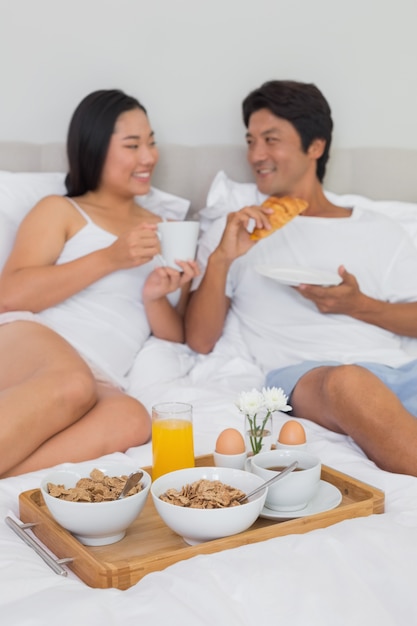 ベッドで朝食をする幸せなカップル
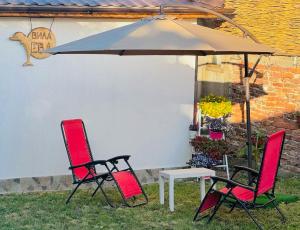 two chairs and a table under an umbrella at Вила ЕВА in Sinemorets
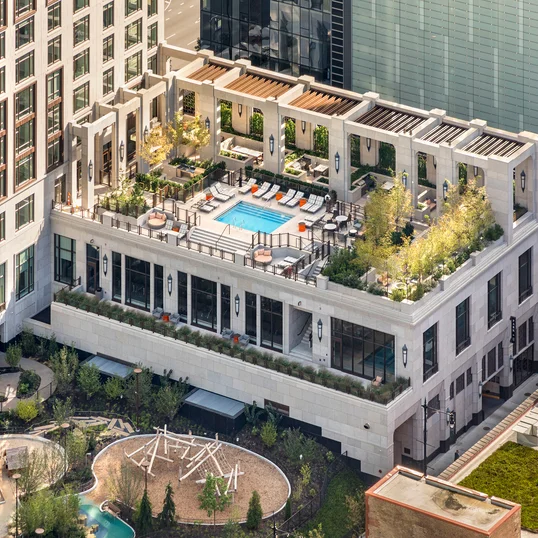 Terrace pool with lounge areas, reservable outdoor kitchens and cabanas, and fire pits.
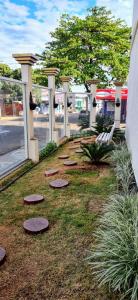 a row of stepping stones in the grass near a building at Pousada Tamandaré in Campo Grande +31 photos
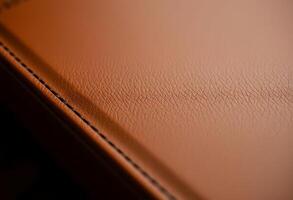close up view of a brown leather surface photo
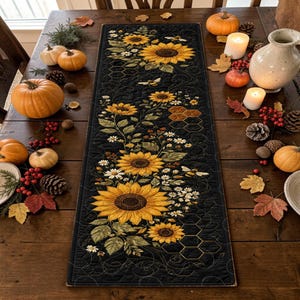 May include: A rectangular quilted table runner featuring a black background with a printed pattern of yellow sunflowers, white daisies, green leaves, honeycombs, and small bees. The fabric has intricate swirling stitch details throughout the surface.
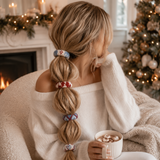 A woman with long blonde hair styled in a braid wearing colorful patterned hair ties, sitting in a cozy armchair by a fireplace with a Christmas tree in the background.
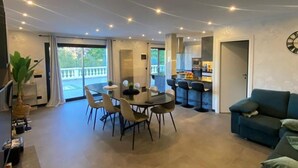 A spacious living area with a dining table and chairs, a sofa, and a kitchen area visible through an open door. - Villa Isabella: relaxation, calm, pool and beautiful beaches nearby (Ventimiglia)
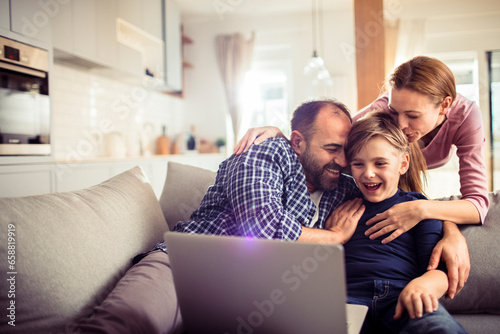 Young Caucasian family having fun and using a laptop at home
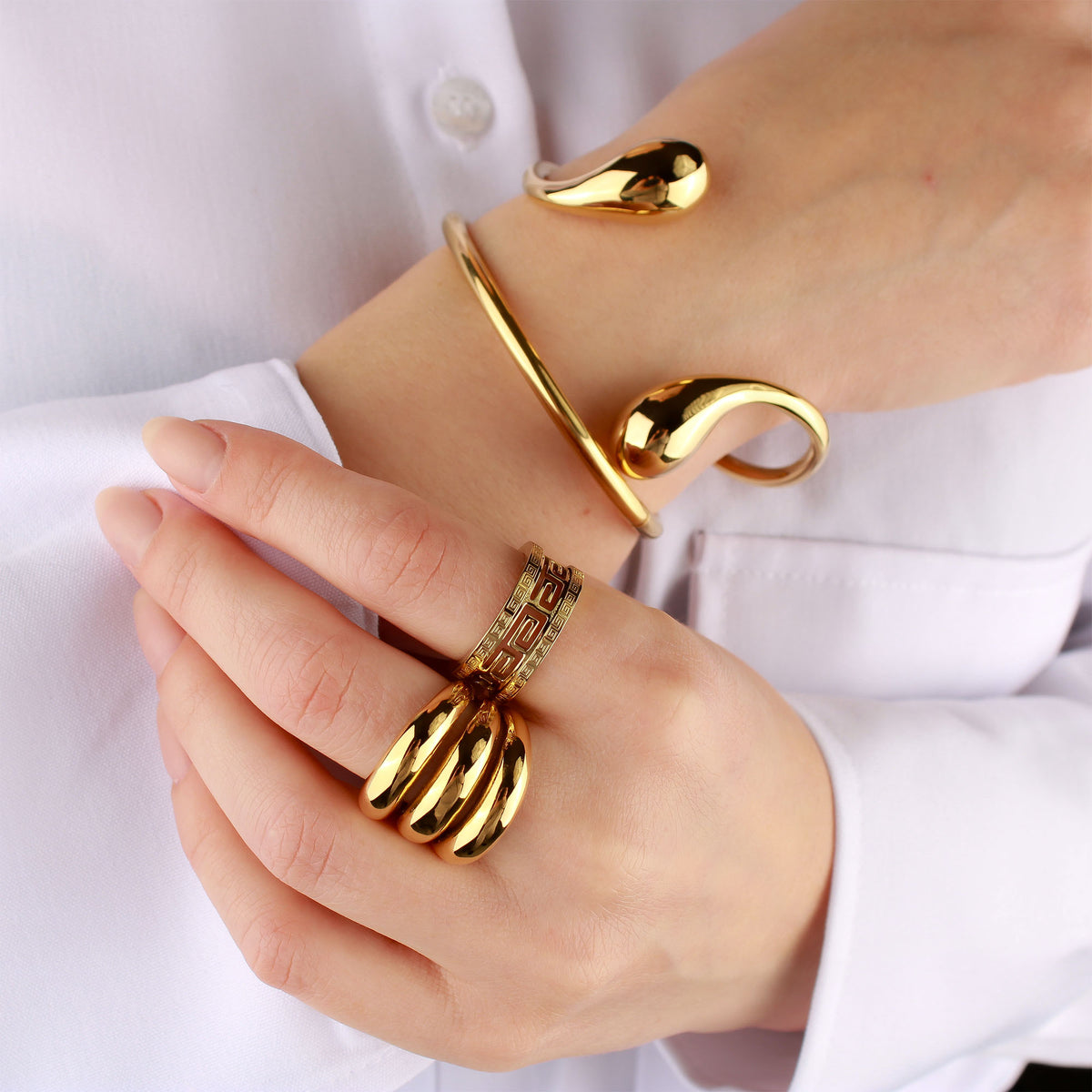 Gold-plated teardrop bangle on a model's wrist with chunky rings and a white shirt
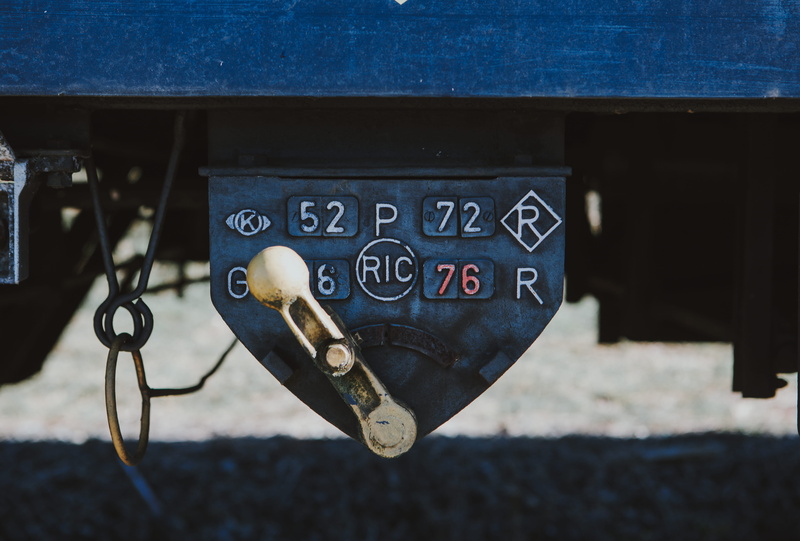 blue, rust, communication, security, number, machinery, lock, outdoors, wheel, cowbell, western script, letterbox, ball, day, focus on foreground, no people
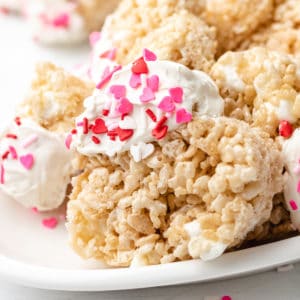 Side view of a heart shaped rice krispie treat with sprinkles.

---

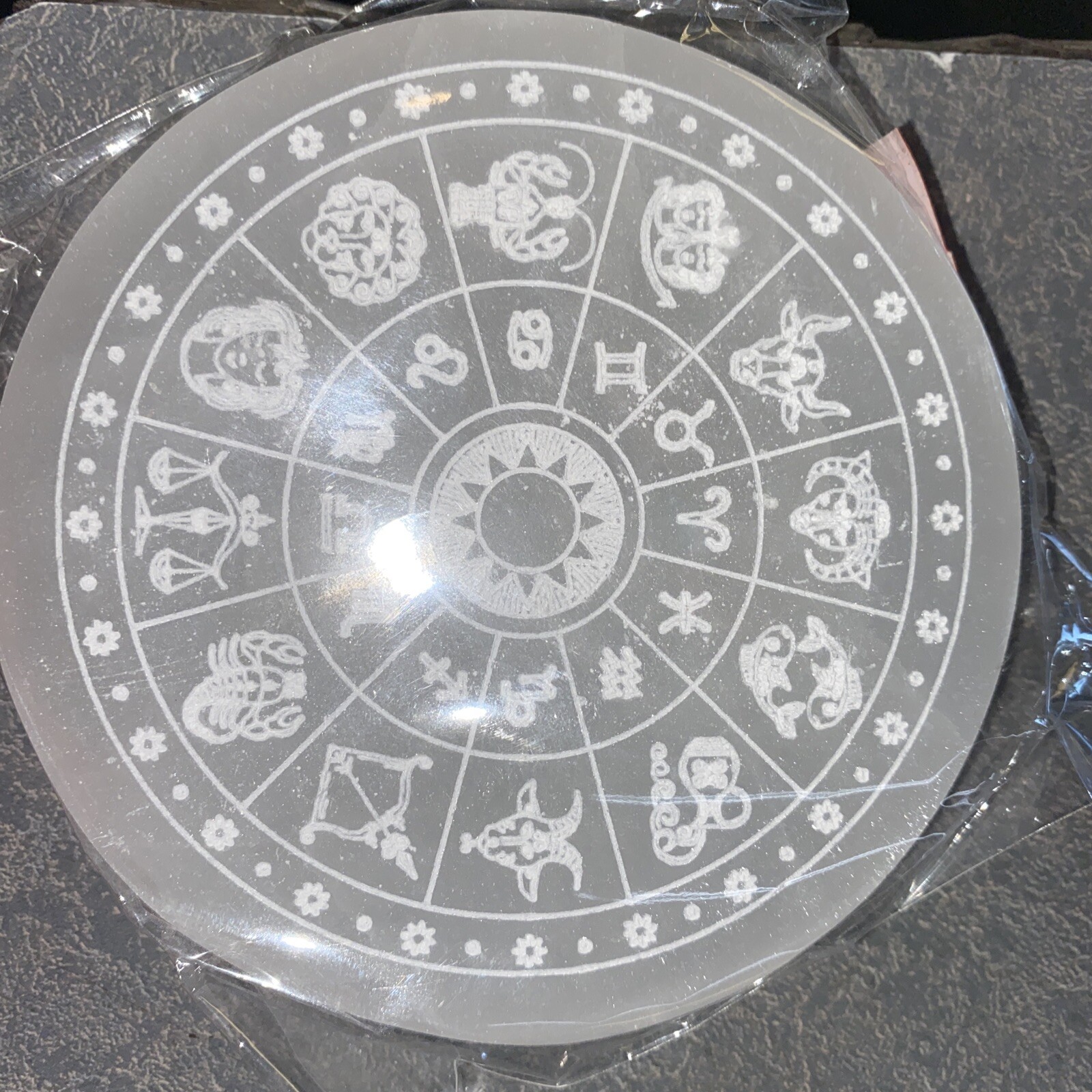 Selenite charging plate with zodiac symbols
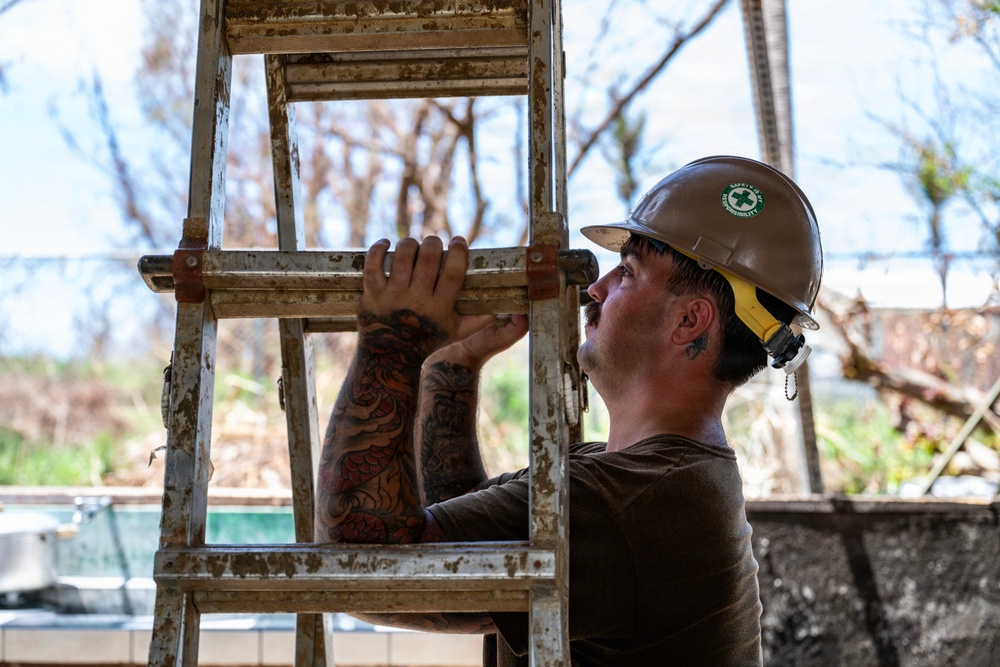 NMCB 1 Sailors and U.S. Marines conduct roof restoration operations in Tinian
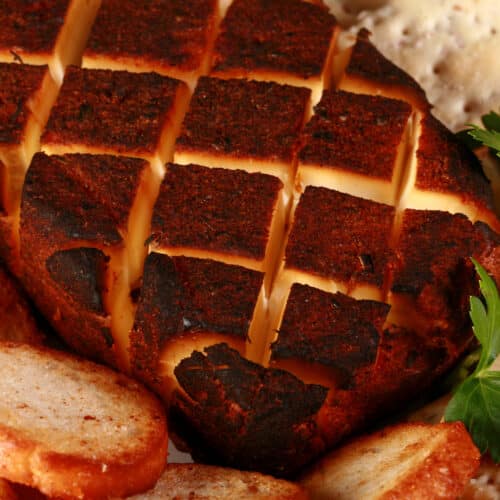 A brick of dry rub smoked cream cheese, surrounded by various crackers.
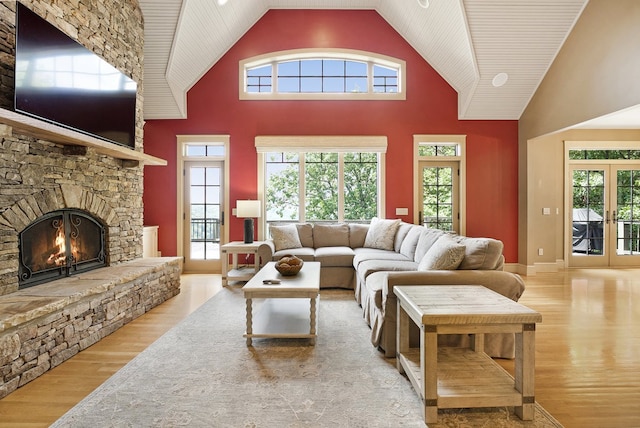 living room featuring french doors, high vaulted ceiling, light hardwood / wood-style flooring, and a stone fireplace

§ ABOUT THIS TASK:
Reproduce the listing above from the line that holds "ベッドで朝食をする幸せなカップル" through the line that holds "close up view", both included, with the pictures left out.

§ ANSWER TO THE EXERCISE:
 ベッドで朝食をする幸せなカップル
 two chairs and a table under an umbrella at Вила ЕВА in Sinemorets
 Terrace pool with lounge areas, reservable outdoor kitchens and cabanas, and fire pits.
 a row of stepping stones in the grass near a building at Pousada Tamandaré in Campo Grande +31 photos
close up view of a brown leather surface photo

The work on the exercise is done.